I hungry for experience, and didn’t want to just sit behind an office desk. So I went to New Zealand and worked as a lift driver in an Auckland department store: “First floor: travel goods, menswear. Second floor: luggage and ladies’ lingerie.” Then I took a job in a sailing school at Loch Ern in Scotland, and used the pantry’s whole three-month provision in six weeks. I went into nursing. I got a job as citizenship law clark for the American government in Sydney. I managed the Women’s College at Sydney University.
On a whim, I rang up Kooroora Chalet in Victoria and asked, “Is there any snow there, and have you got a job?” They said, “Yes! Come and make sandwiches in the café.” Within a week, they’d sacked their house manager and I took that on. There, I met a man named Colin, who’d just gotten his commercial pilot license in New Zealand. But because there was a recession, he couldn’t get a job in the aircraft industry, so he came pulling beers at Mt Bulla. We met during the ski season. Four months later, we married.

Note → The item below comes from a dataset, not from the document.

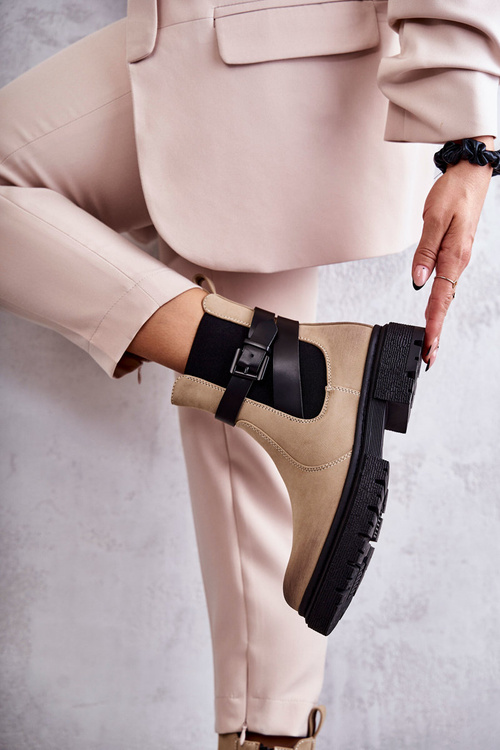 Izolované topánky žien Chelsea topánky s béžovým pásom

We were 25. We were both risk takers. Both of our parents owned small businesses, so we knew that risk was a part of life. We married on a Saturday, had a three day honeymoon, came back to Sydney and neither of us had jobs. We rented an apartment at Kirrabilly for $20 a week, threw a dinner party for our closest friends, and sat on our mattress in our bedroom because we had no furniture. I cooked chicken and grapes and almonds for mains, and a pavlova. I remember having some leftover the next morning, because we both had a hangover.

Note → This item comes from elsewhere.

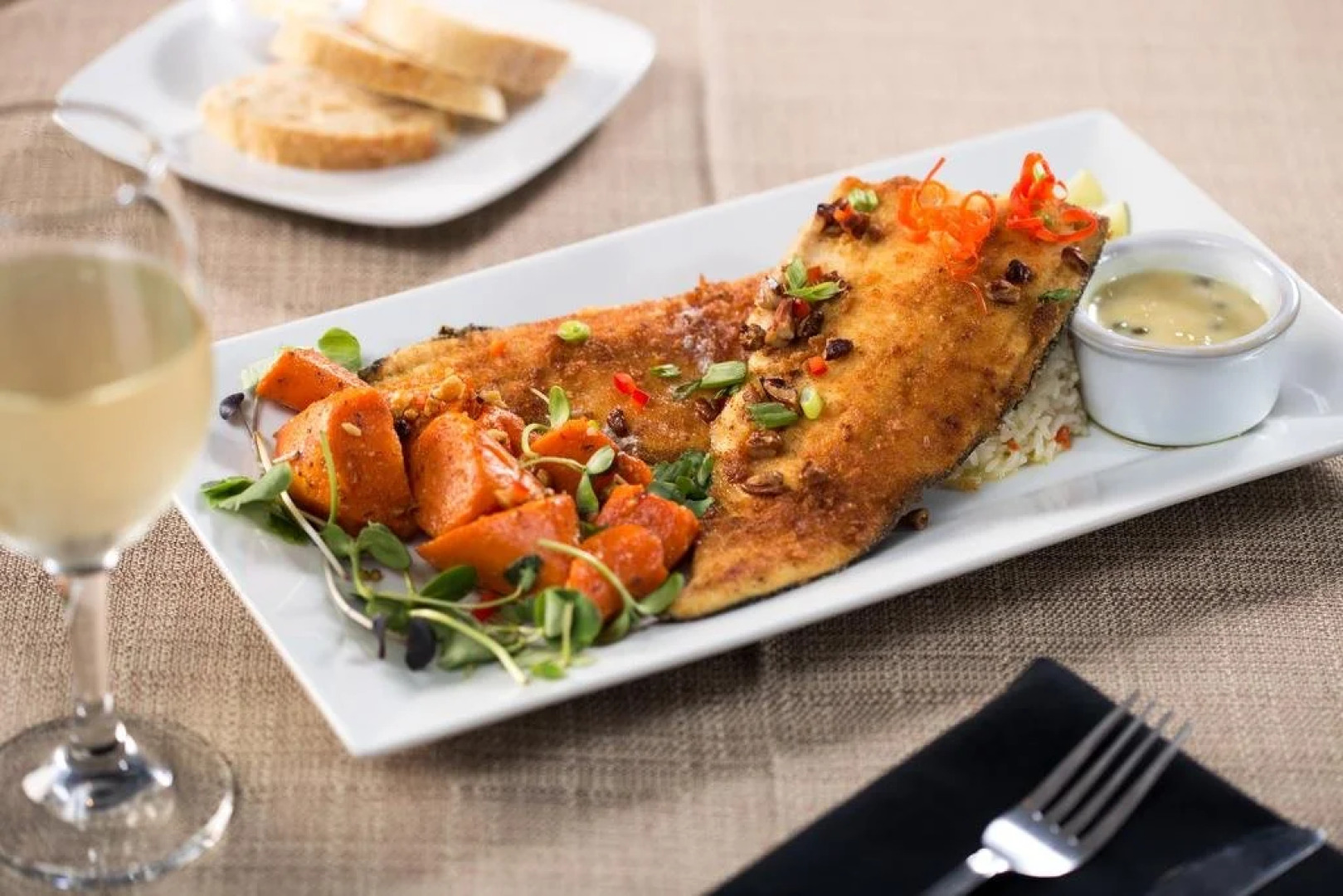 Glen-Ella Springs Hotel & Restaurant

When I was pregnant with our first daughter, Saskia, we came to live in the Barossa Valley. It was 1973. We bought a vineyard, Colin farmed pheasants, and my whole interest in food just skyrocketed; I was in this beautiful countryside with great produce and great neighbours. I got a job selling land, but then the recession hit. After I had Elli, our second daughter, we went abroad. When we came back, we decided to start the Farm Shop, and I never thought anything of it: “Well of course! I’ll cook.” But it opened all sorts of doors, not to mention my imagination. That’s when I realised: I was finally doing what I wanted.
People in their 20s have got to take time out to have confidence in the kitchen. A good food life is going to add to everything: your personal life, your health and your business life. There are so many people who don’t have confidence in the kitchen because it hasn’t been handed down to them. They don’t know how to make chicken soup, roast a chicken, stuff a chicken, or how to make beautiful vegetable dishes. All things that are so simple, but you actually have to learn them somewhere.
It took me 20 years to be an overnight success. You have to have goals and be willing to do the hard yards to get there. You must love what you’re doing, and have drive, energy and a strong work ethic. There’s no such thing as an eight-hour day in your own business; you’ve got to live it, breathe it, then find how to get it up and going. Be prepared to work for what you want.